I think of them as falling into the category of "can be made to work" - or to fail, depending on the spirit players choose to take the rules in. Once again, personal preference matters: if a ruleset turns you off, for whatever reason, you're less likely to be charitable with its shortcomings. Conversely, if a ruleset appeals to you (again for whatever reason - you like the historical period, or you've always wanted a Roman/VSF/Pulp/Starship Troopers/[fill in the blank] army) you're likely to give it the benefit of the doubt.
If it's the success or failure of gameplay we're talking about (rather than an assessment of the perfection of the ruleset) then it's as much the players as the rules that matter. Looking at the list that the writer of the Wargames Illustrated article (who goes by the pseudonym "D.I.S. Gusted, Lt Col (retd)") has made, the first thing I would say was that most of those rulesets can be made to work - the challenge is perhaps finding the right players for them. It requires that players be charitable to the rules, and focus instead on the game.
On the issue of historicity, for example, the writer already admits that a game need not be based on history to be "historical", giving an example of a game based on 70s TV police shows. It's the effort put in by the rules writers to evoke the atmosphere and spirit of the era (even if it is a fictional era, as with sci-fi or fantasy rules) - and I would add to that the effort made by the players to keep within the internal logic of that era.
After all, how do you stop un-historical play? If you knew that ancient Greek phalanxes never (to our knowledge) employed sweeping manouveres on the battlefield, you can either (a) write the rules to make it impossible for players to do so (b) write the rules to severely penalise players who do so or (c) hope that the players don't. (a) and (b) are only part of the solution: it's hard to write rules that prohibit actions without overly hampering players' freedom of play, and which penalise the majority of players for a minority's potential actions (in other words, (a) is a large hammer for a small nail). (b) is retroactive: the offending player may loose the game, but the game is lost for both sides anyway - there's not much fun to winning a game if your opponent incurs the wrath of the rules and accumulates a load of minuses by doing something ahistorical. It takes the fun out of it.

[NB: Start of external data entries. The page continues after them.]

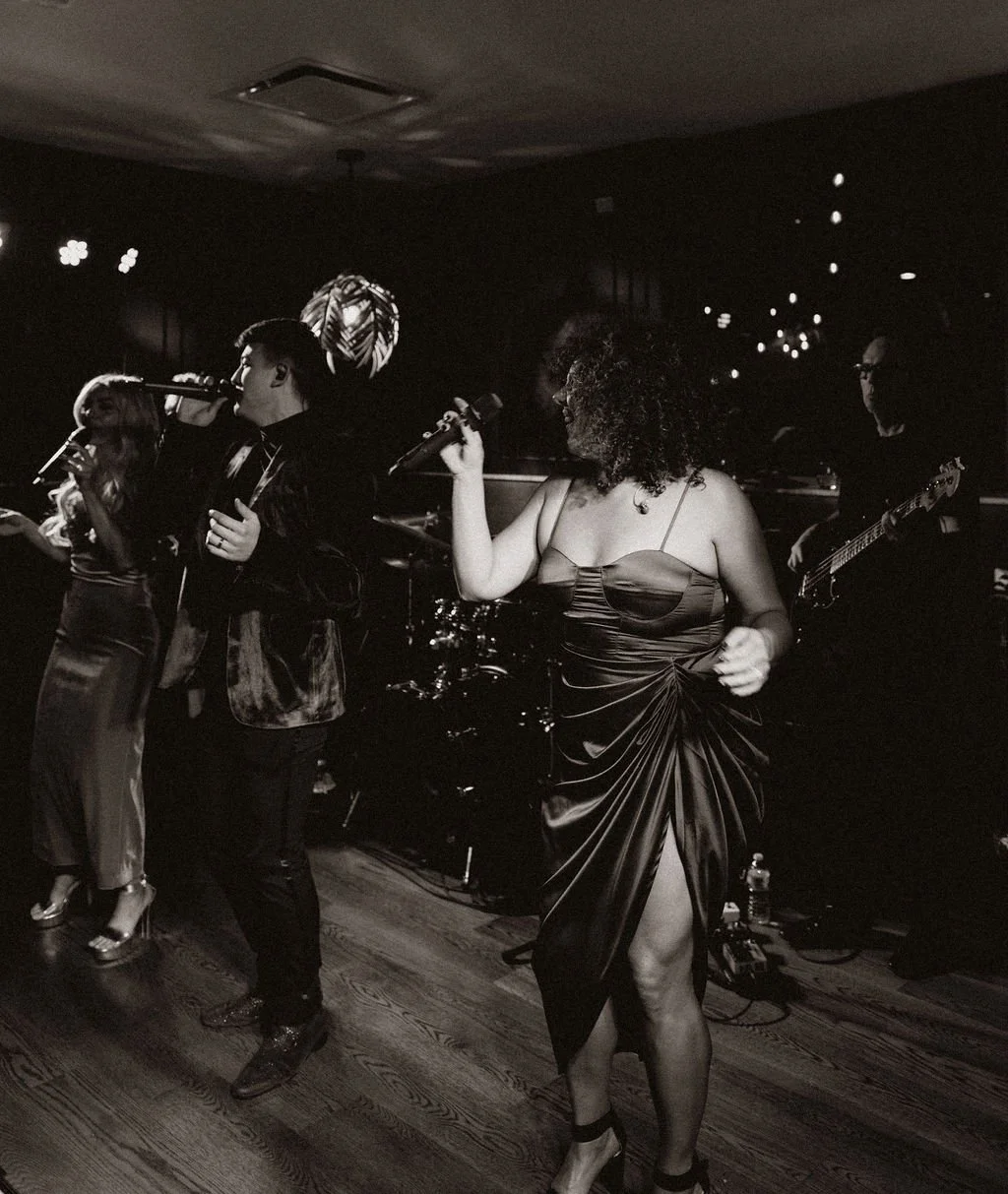 DMC ST REGIS EVENT PLANNER METRO MUSIC CLUB- PARK CITY UTAH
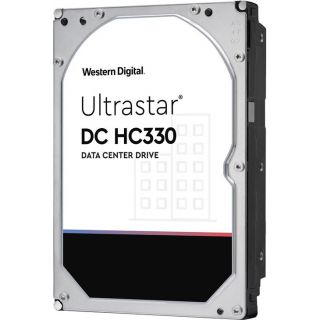 

Жесткий диск Western Digital Ultrastar DC HC330 10Tb (WUS721010ALE6L4)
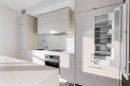 404-615 6 Avenue Se, Calgary, AB  - Indoor Photo Showing Kitchen With Upgraded Kitchen 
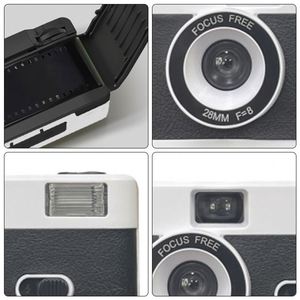 Hot Disposable <b>Camera</b> Retro with <b>Flash</b> 2026 Muti Color Custom Disposable <b>Camera</b> Wholesale for Girl - Product Image 5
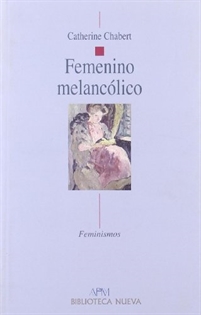 Books Frontpage Femenino melancólico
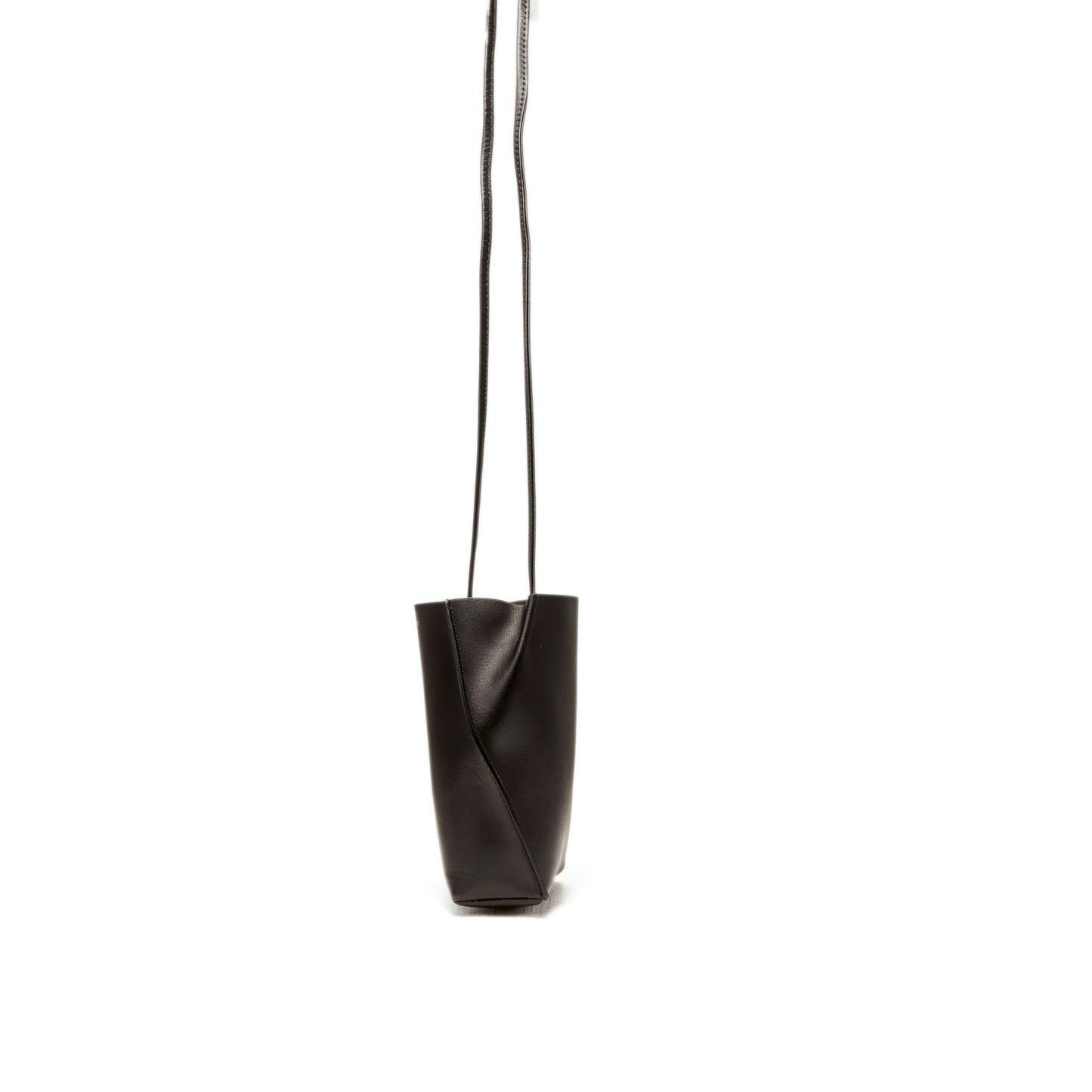 【COURTNEY ORLA / コートニーオーラ】SLOPE tote mini Smooth L. - Black
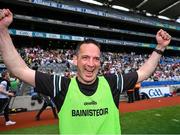 2 June 2024; Kildare manager Brian Dowling after the Christy Ring Cup final match between Kildare and Derry at Croke Park in Dublin. Photo by Ray McManus/Sportsfile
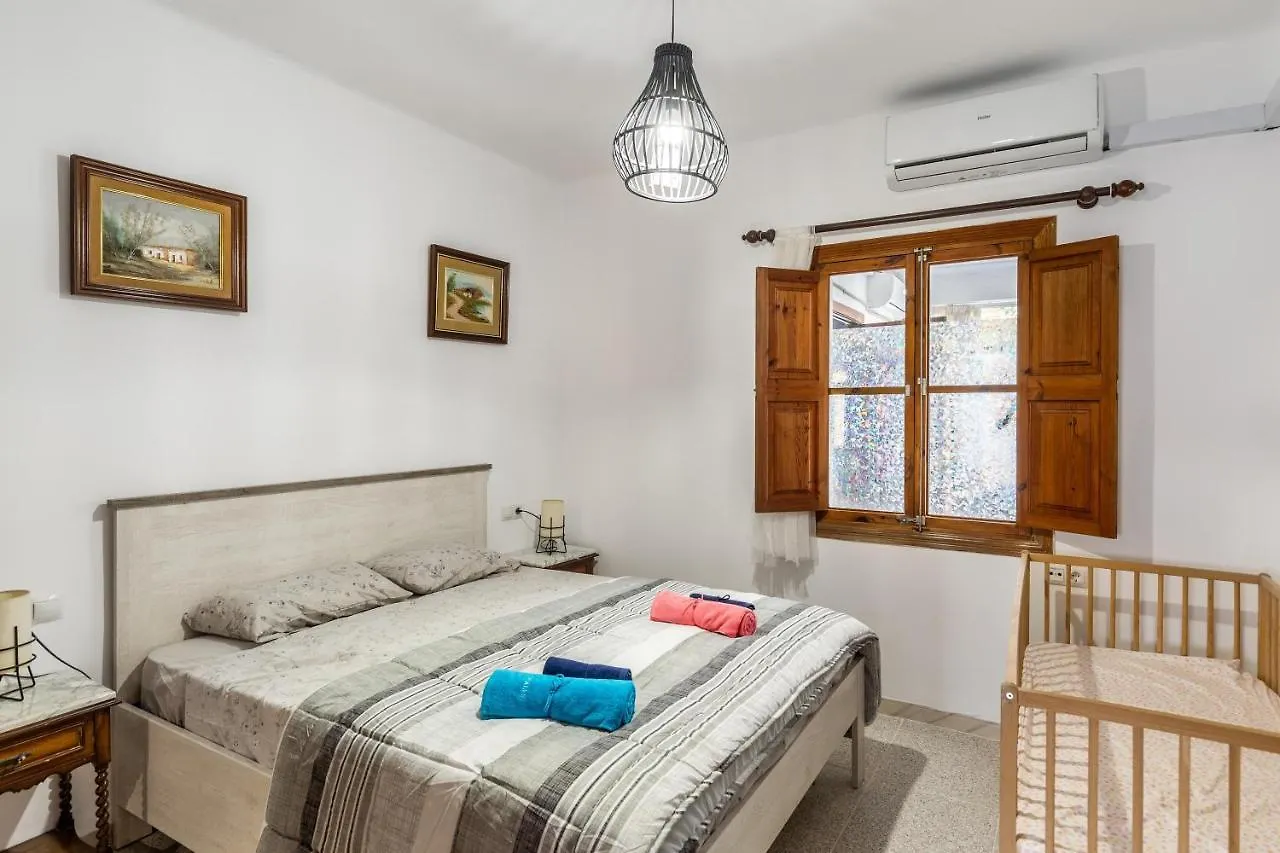 Hébergement de vacances Villa Cas Llimoner à Palma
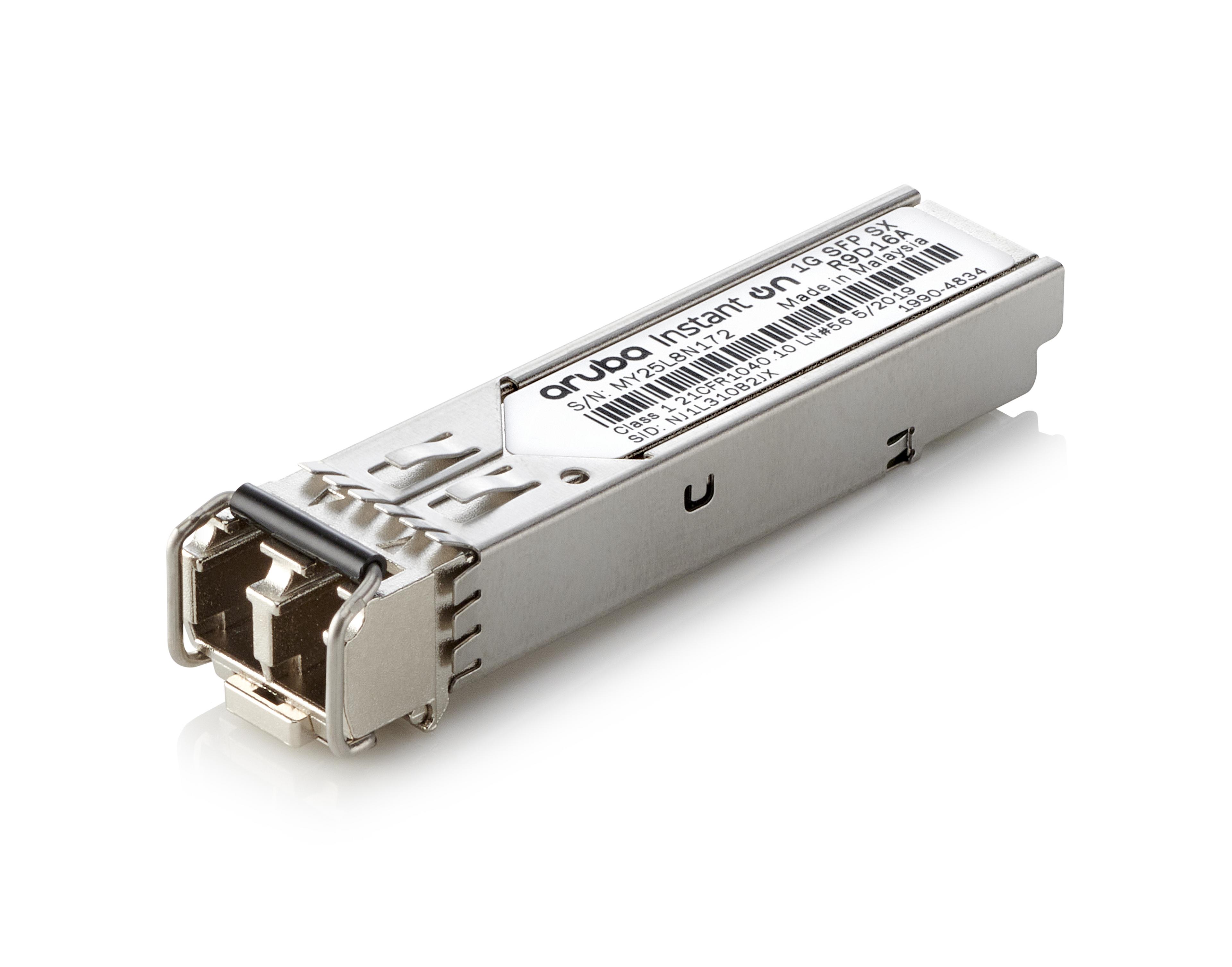 HPE NW Instant On 1G SFP Transceiver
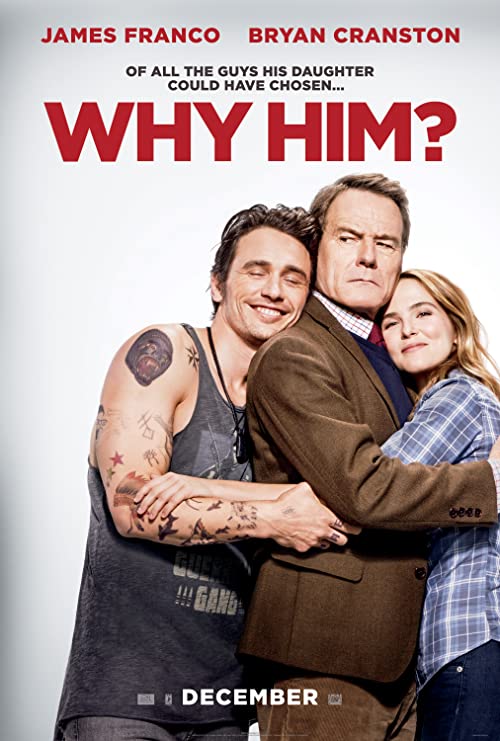 دانلود فیلم Why Him? 2016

(c) seems overly optimstic at first glace - depend on the goodwill of players? But there is something we can do to encourage (though we can never guarantee) reasonable and historical play - and that is to make it easier for players to sense the historical period. In fantasy wargames, we call this fluff: background, maps, stories, pictures and illustrations etc, that help establish a sense of mood and environment.
Ultimately, this is also why I prefer historical wargaming to fantasy. I find the fluff more compelling and believable (it's hard not to: it has the advantage of actually having happened), and I can get into it more.